*DATA SECTION*.
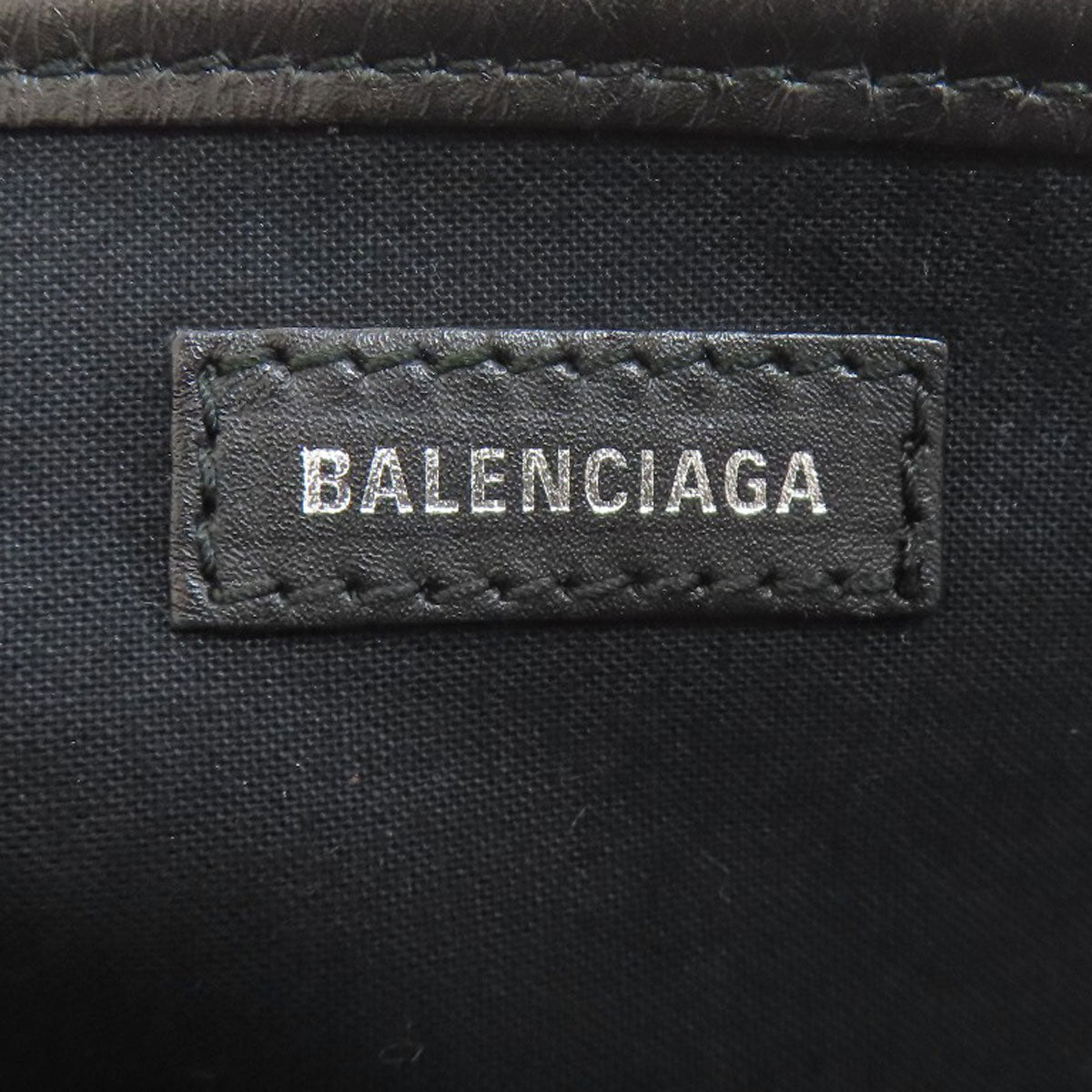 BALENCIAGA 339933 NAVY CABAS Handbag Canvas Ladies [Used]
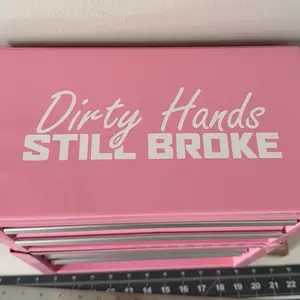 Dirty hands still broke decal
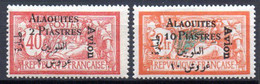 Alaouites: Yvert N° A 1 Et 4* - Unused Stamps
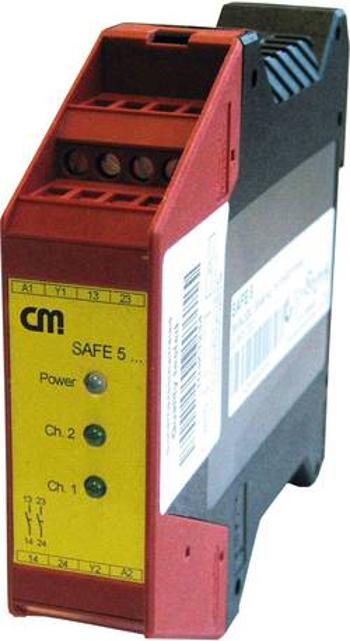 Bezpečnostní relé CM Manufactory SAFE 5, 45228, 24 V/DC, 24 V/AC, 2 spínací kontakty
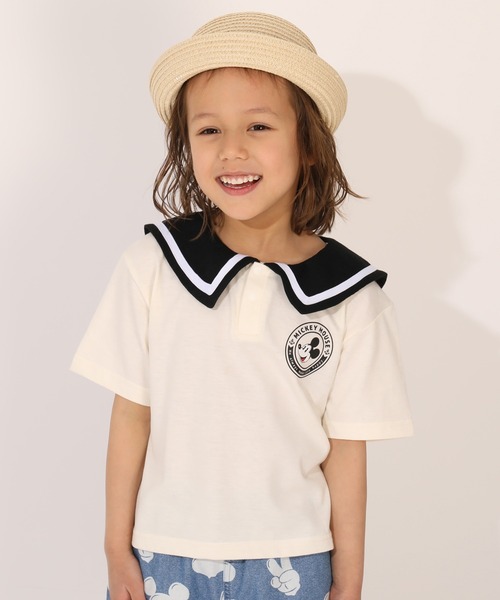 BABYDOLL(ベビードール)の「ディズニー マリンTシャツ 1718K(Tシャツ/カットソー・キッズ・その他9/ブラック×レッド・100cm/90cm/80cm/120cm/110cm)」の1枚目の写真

*YOUR TASK*.
Exact copy, no pictures: reproduce every record above.

*FINISHED TASK*.
 BALENCIAGA 339933 NAVY CABAS Handbag Canvas Ladies [Used]
 Dirty hands still broke decal
 Alaouites: Yvert N° A 1 Et 4* - Unused Stamps
 Bezpečnostní relé CM Manufactory SAFE 5, 45228, 24 V/DC, 24 V/AC, 2 spínací kontakty
 BABYDOLL(ベビードール)の「ディズニー マリンTシャツ 1718K(Tシャツ/カットソー・キッズ・その他9/ブラック×レッド・100cm/90cm/80cm/120cm/110cm)」の1枚目の写真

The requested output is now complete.